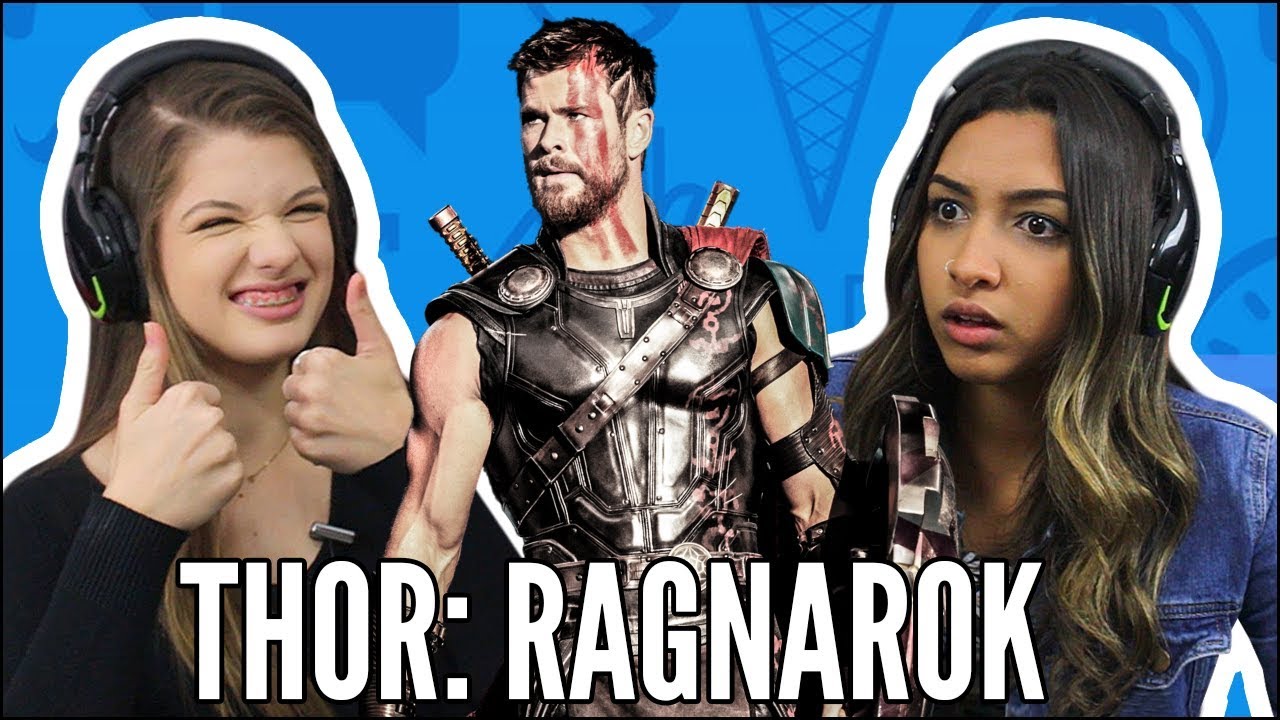 JOVENS REAGEM A THOR RAGNAROK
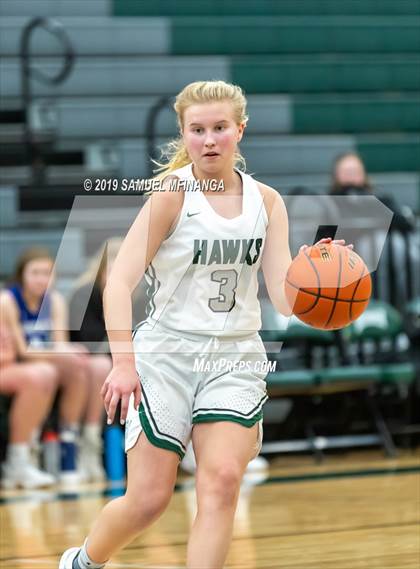 Thumbnail 1 in Lincoln Southwest vs. Kearney (HAC Girls Basketball Tournament) photogallery.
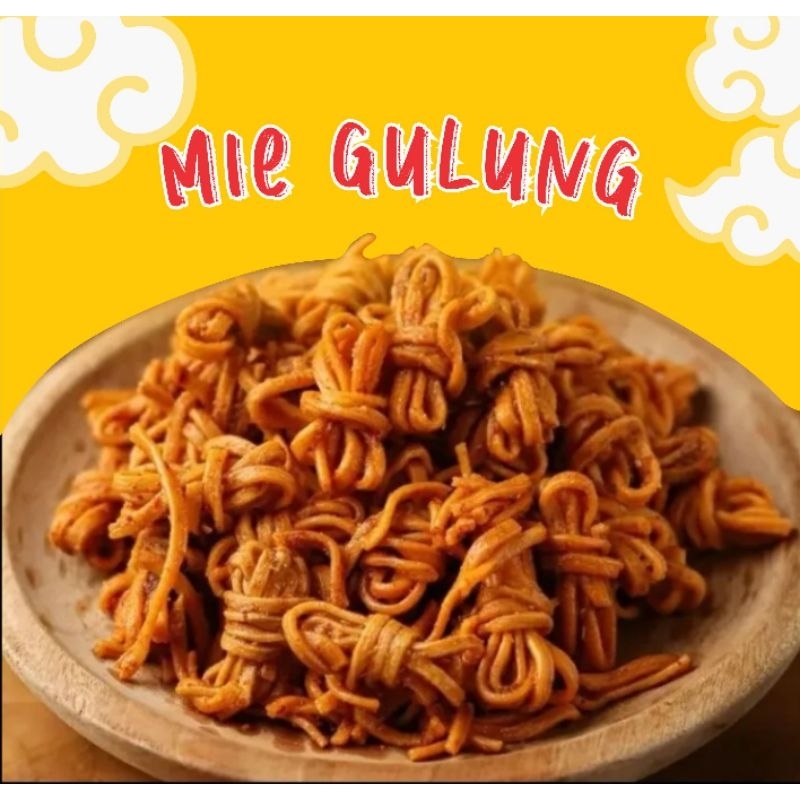 

MIE GULUNG 1KG CETAR PEDAS DAUN JERUK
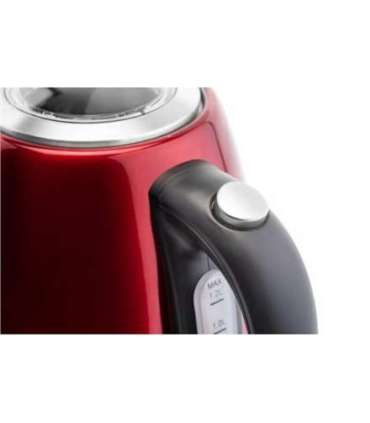ETA Mini Kettle ETA859990010 Electric 2100 W 1.2 L Stainless steel 360° rotational base Red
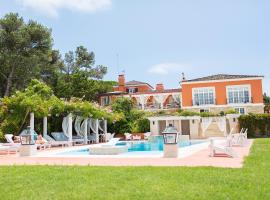 Quinta Tagus，位于卡帕里卡海岸的酒店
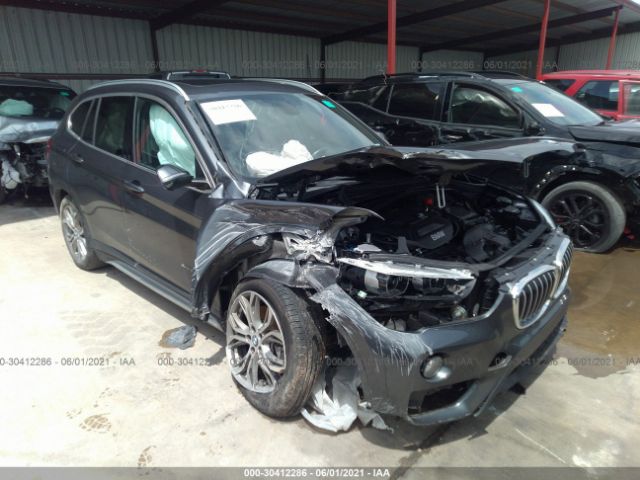 BMW X1 2017 wbxht3z34h4a57966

+ + + +

- _Task statement_
Retype the records above word for word, from their first line through the line containing "MIE GULUNG 1KG CETAR PEDAS DAUN JERUK", and leave out every picture.

- _Output_
 JOVENS REAGEM A THOR RAGNAROK
 Thumbnail 1 in Lincoln Southwest vs. Kearney (HAC Girls Basketball Tournament) photogallery.

MIE GULUNG 1KG CETAR PEDAS DAUN JERUK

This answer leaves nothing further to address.